封切り初日の山田洋次監督の映画「母べえ」を早速観に行ってきました(1月26日)。前評判に違わぬ完成度の高い映画であり、内容的にも本当に考えさせられる作品でした。30代の母親役を演じる吉永小百合にはさすがに無理があるのではないかと思って観たのですが、まったく不自然さはなく、むしろ最後の場面で老いて衰えきった姿に違和感を覚えたほどです。やはり山田監督、と脱帽しました。

描かれているのは、主として昭和15年から16年までの、極めて良識的、そして自らに正直でありたいと懸命に生きようとした人びとを抹殺し、否定してかかる暗黒の時代です。母べえの夫は、良心的である故に思想犯と決めつけられ、アカ呼ばわりされて特高に連行され、獄中死するのです。

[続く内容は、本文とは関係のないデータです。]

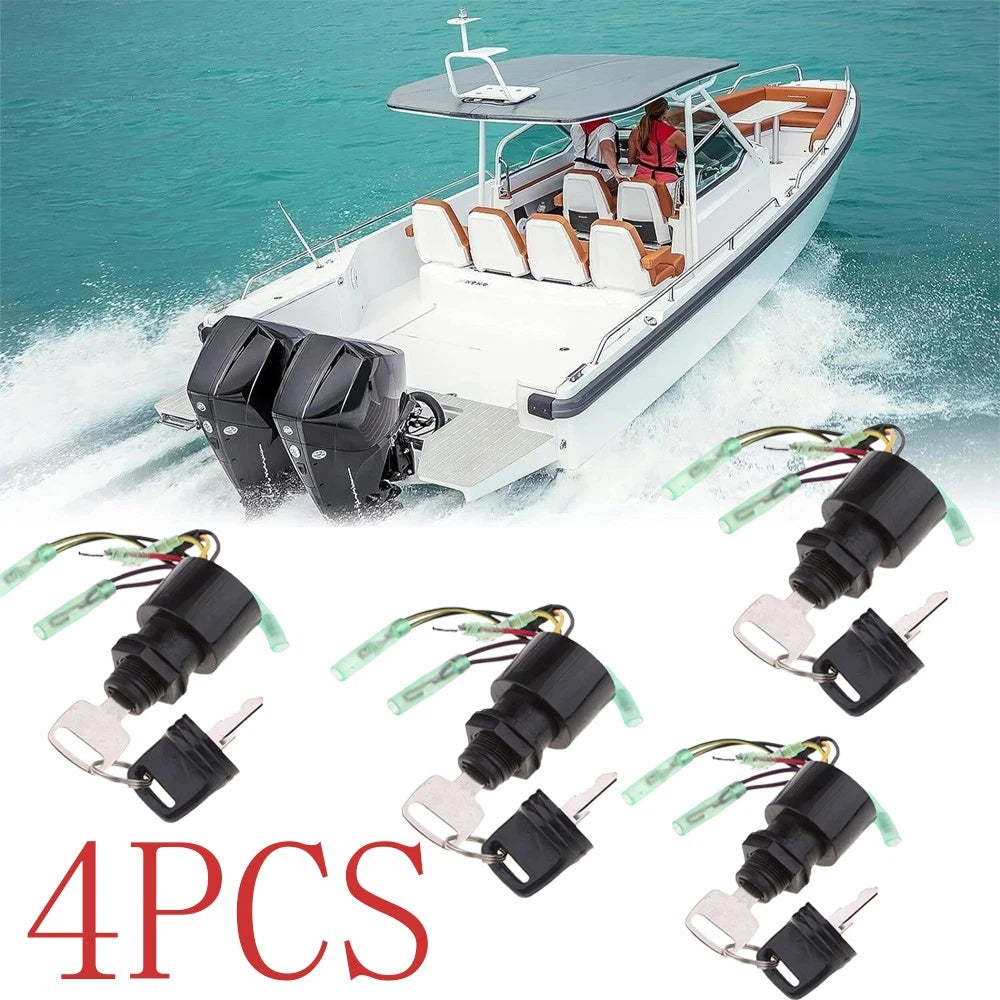 4X Ignition Key Switch for Mercury Outboard Control Box (87-17009A5)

その夫を愛し、子どもたちを守り抜き、自らも良心的に生き抜こうとする一人の女性を、吉永小百合が熱演しています。

私は単純なので、ストーリーの展開を追うことに心が奪われてしまったので、「ハウル」の時のように、もう一度じっくり見てみたいと思いました。しかし、山田監督のメッセージは痛いほどに伝わってきました。一言で言えば、今日の日本が再びかつての時代の二の舞を繰り返すことがないように、という警告ですし、この危険な時代状況に気が付きもせず、権力のし向ける方向に唯々諾々と従おうとしている今日の日本人に対する忠告です。そういう重いメッセージを、山田監督ならではの人間存在に対する温かいまなざしを通じて伝えようとしているのではないか、と感じました。すべての日本人にとって必見の映画であると思います。